Trump's campaign called for a recount in Wisconsin, where Biden led by roughly 21,000 votes out of 3.3 million cast, a margin slim enough to entitle him to a recount. However elections experts said a recount in Wisconsin was seen as unlikely to alter the result.

His campaign also filed lawsuits in Michigan and Pennsylvania to stop vote counting. Michigan Secretary of State Jocelyn Benson, in charge of elections, called the Trump team's lawsuit "frivolous."

Trump's campaign filed a lawsuit in Georgia to require that Chatham County, which includes the city of Savannah, separate and secure late-arriving ballots to ensure they are not counted.

It also asked the US. Supreme Court to allow Trump to join a pending lawsuit filed by Pennsylvania Republicans over whether the battleground state should be permitted to accept late-arriving ballots that were mailed by Election Day.

Trump's campaign said it planned to make a statement in Las Vegas later on Thursday. A source said the campaign would announce a lawsuit that would allege that thousands of people cast ballots who no longer live in the state.

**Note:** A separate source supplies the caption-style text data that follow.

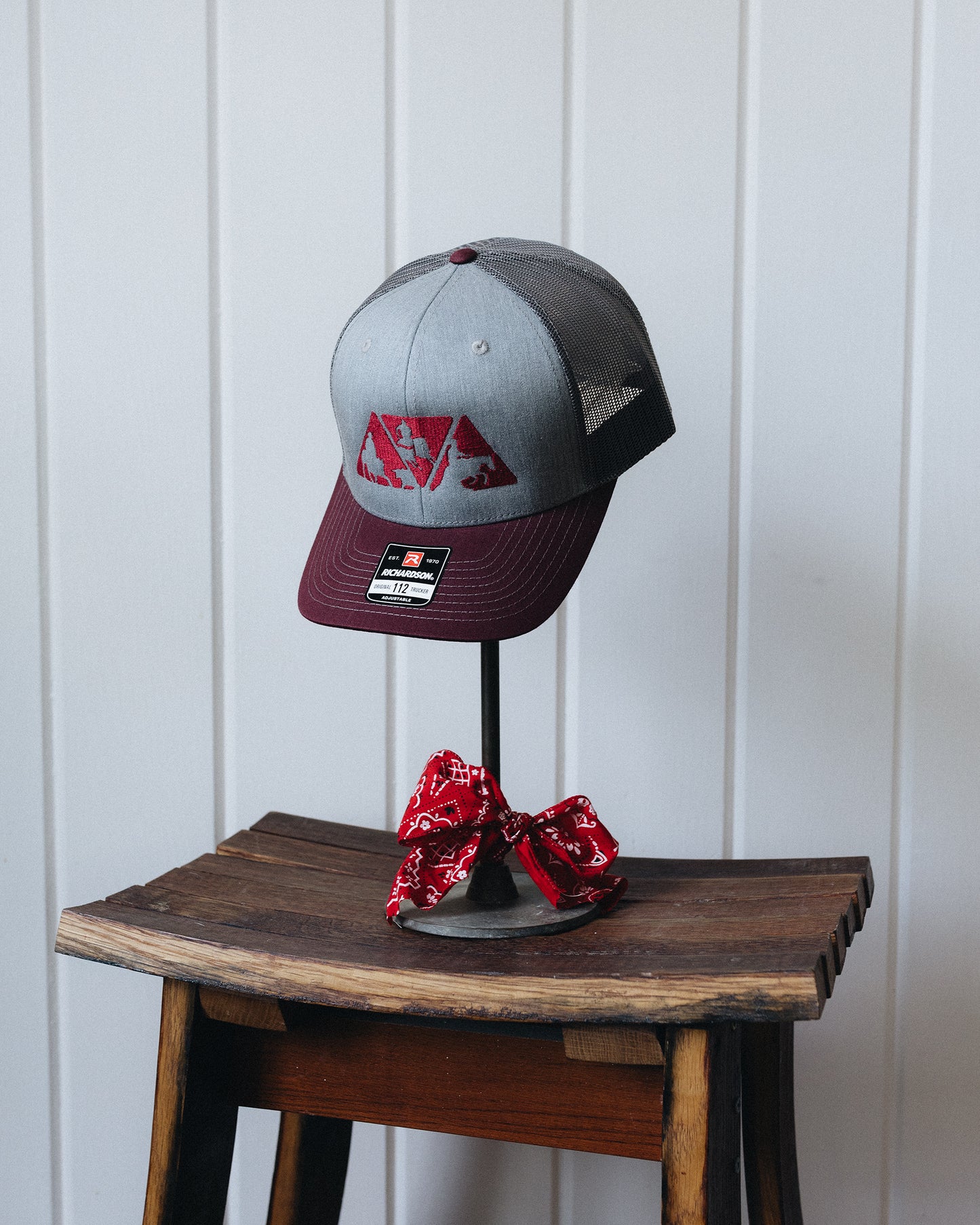 Grey and Maroon NRCHA Logo Mesh Hat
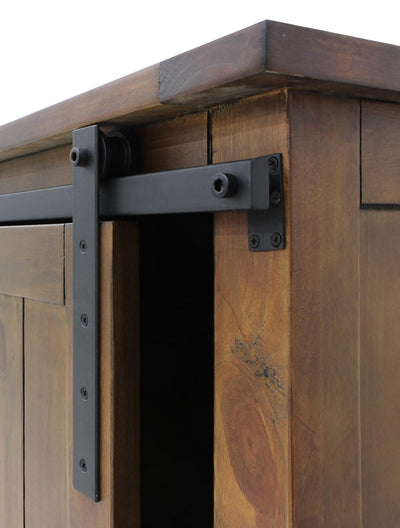 Rustic Wine Credenza with Sliding Doors - B Stock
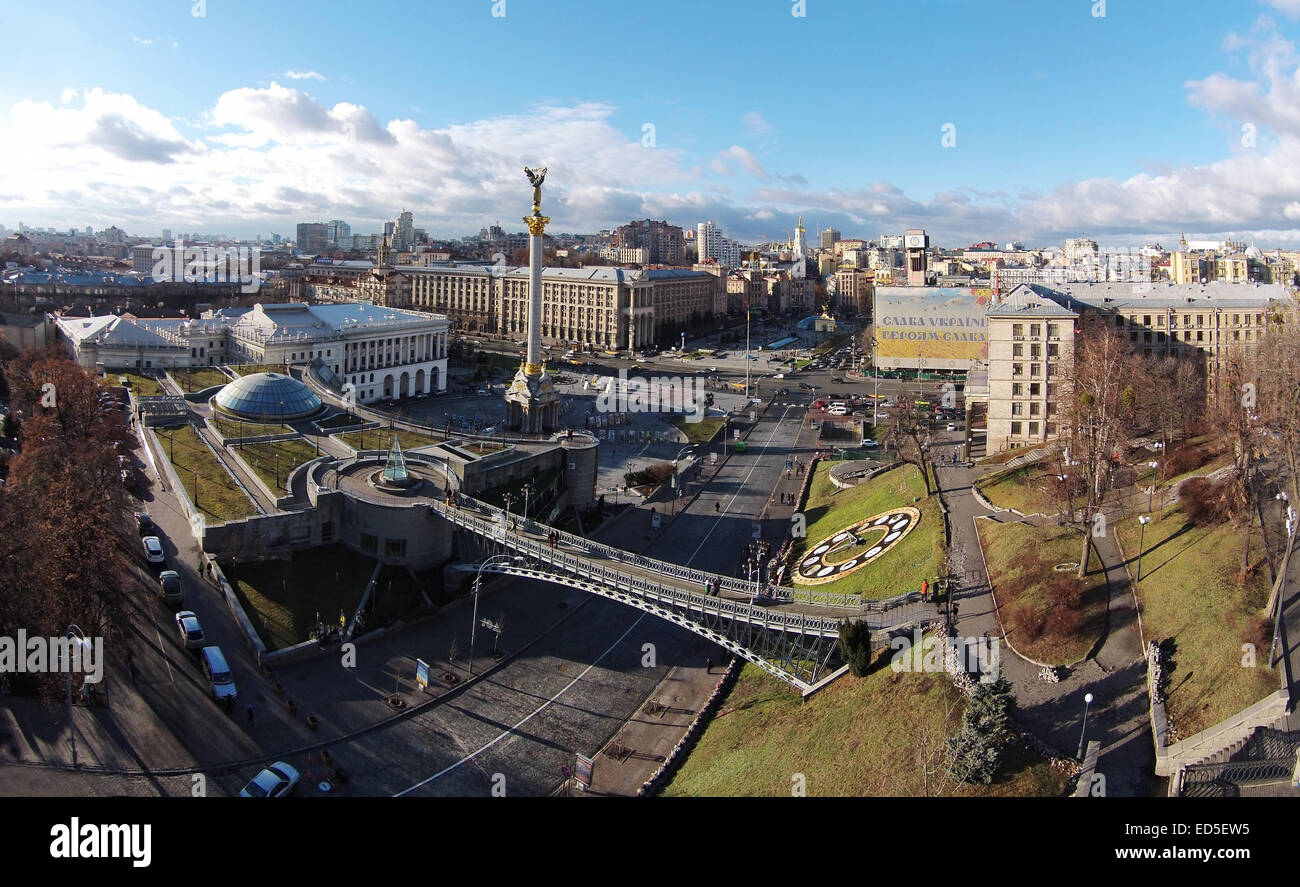 Vista aerea di Kiev, Maidan, Piazza Indipendenza Foto Stock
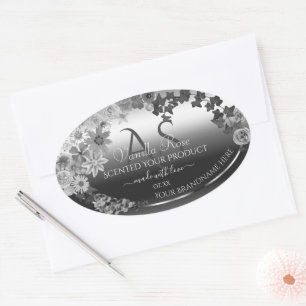 Modern Silver Floral Product Labels with Monogram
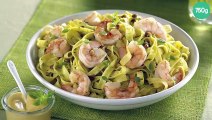 Tagliatelles, crevettes et pesto de basilic moutardé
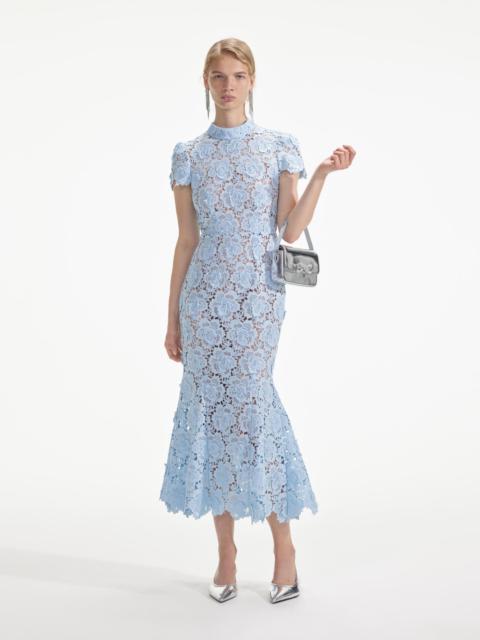 Blue Flower Lace Midi Dress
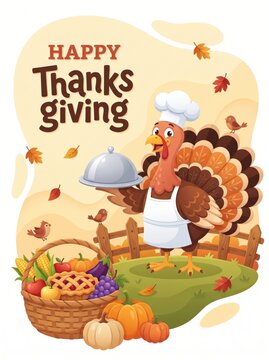 Happy Thanksgiving Turkey Chef Holding a Platter with Autumn Harvest Basket.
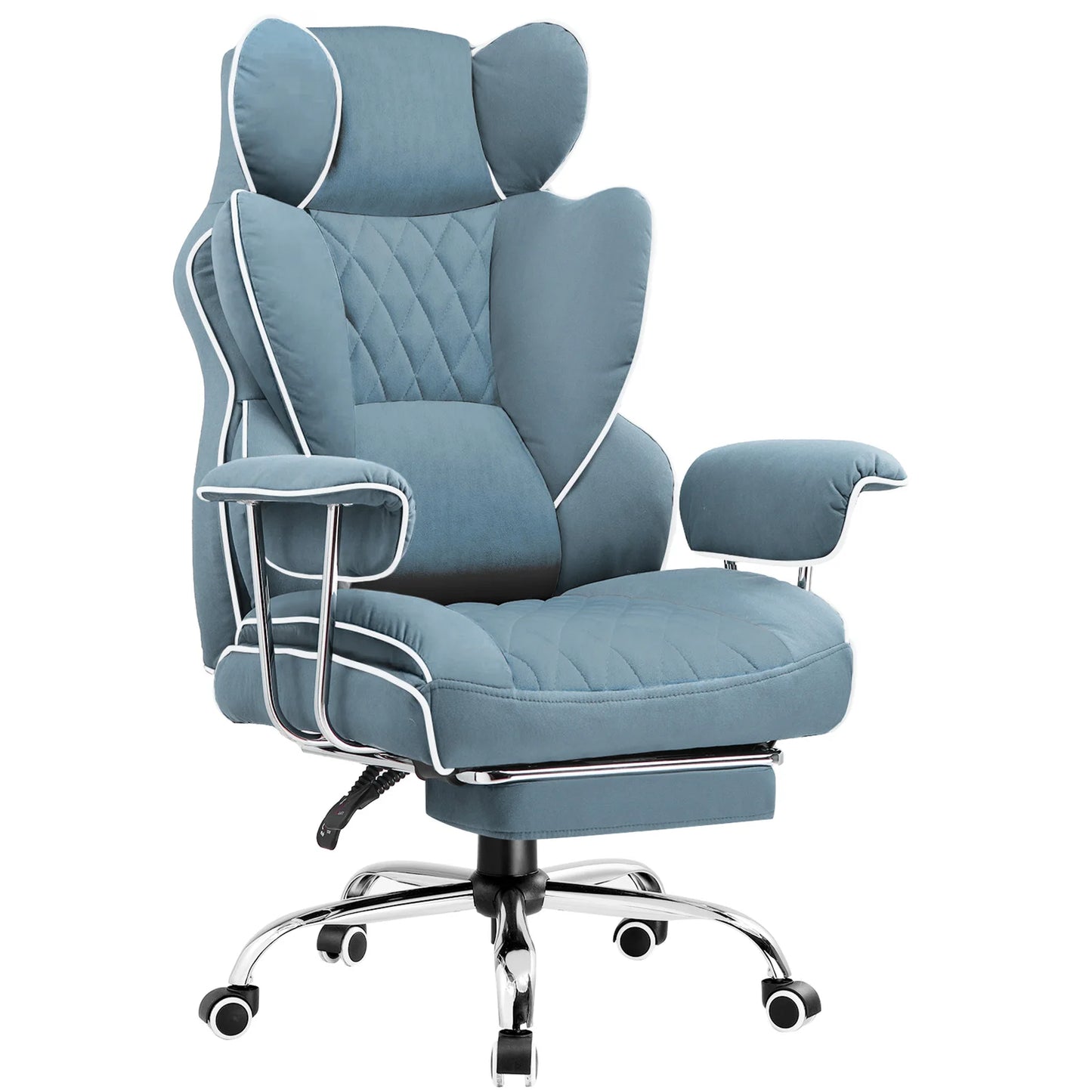 Big and Tall Gaming Chair With Pocket Spring Lumbar Support And Footrest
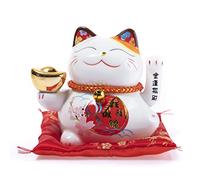 lachineuse - Gatto Maneki Neko - Statuetta giapponese del gatto fortunato - Braccio mobile - Oggetto decorativo kawaii - Porcellana del gatto fortunato - Fortuna, felicità, fortuna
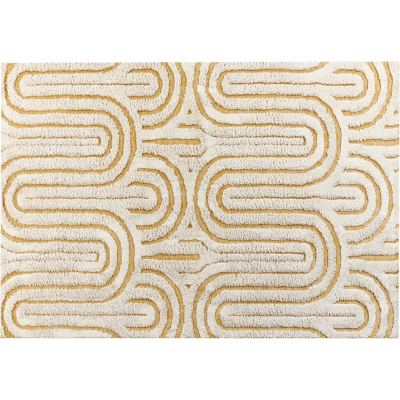 BELIANI Alfombra De Algodón Con Estilo Moderno Diseño Y Diseño Abstracto En Blanco Crema Y Amarillo 160 X 230 Cm Perai BELIANI Alfombra De Algodón Con Estilo Moderno Diseño Y Diseño Abstracto En Blanco Crema Y Amarillo 160 X 230 Cm Perai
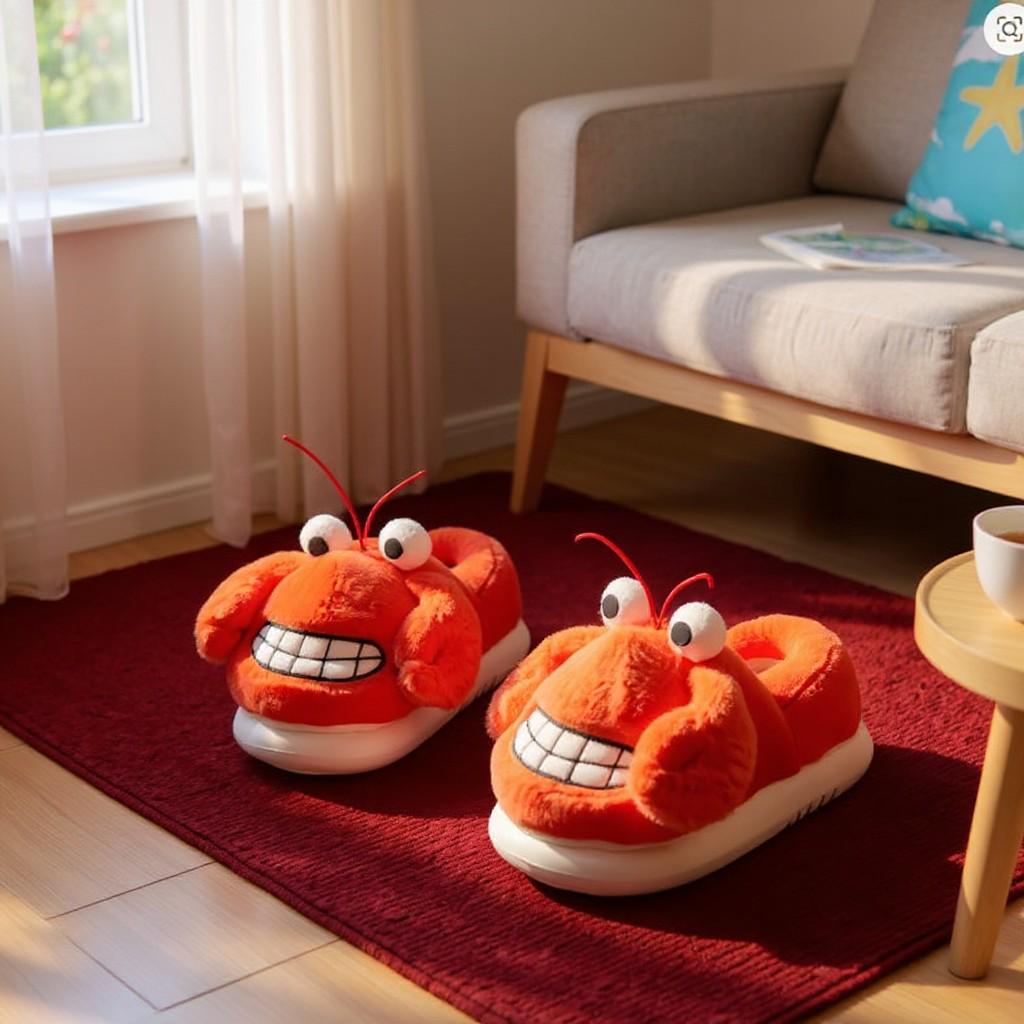 Lobster Slippers, Funny Fuzzy House Shoes, Plush Animal Slippers, Cozy Indoor Shoes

Despite Trump's allegations of fraud and an unsubstantiated charge that Democrats are trying to "steal" the election, U.S. election experts say fraud in balloting is rare.

With tensions rising, about 200 of Trump's supporters, some armed with rifles and handguns, gathered outside an election office in Phoenix, Arizona, on Wednesday following unsubstantiated rumors that votes were not being counted.

In Detroit, officials blocked about 30 people, mostly Republicans, from entering a vote-counting facility amid unfounded claims that the vote count in Michigan was fraudulent.

By early on Thursday, Biden had drawn about 3.6 million more votes than Trump nationwide.

Trump defeated Democrat Clinton in 2016 after winning crucial battleground states and securing the Electoral College win even though she won about 3 million more votes nationwide.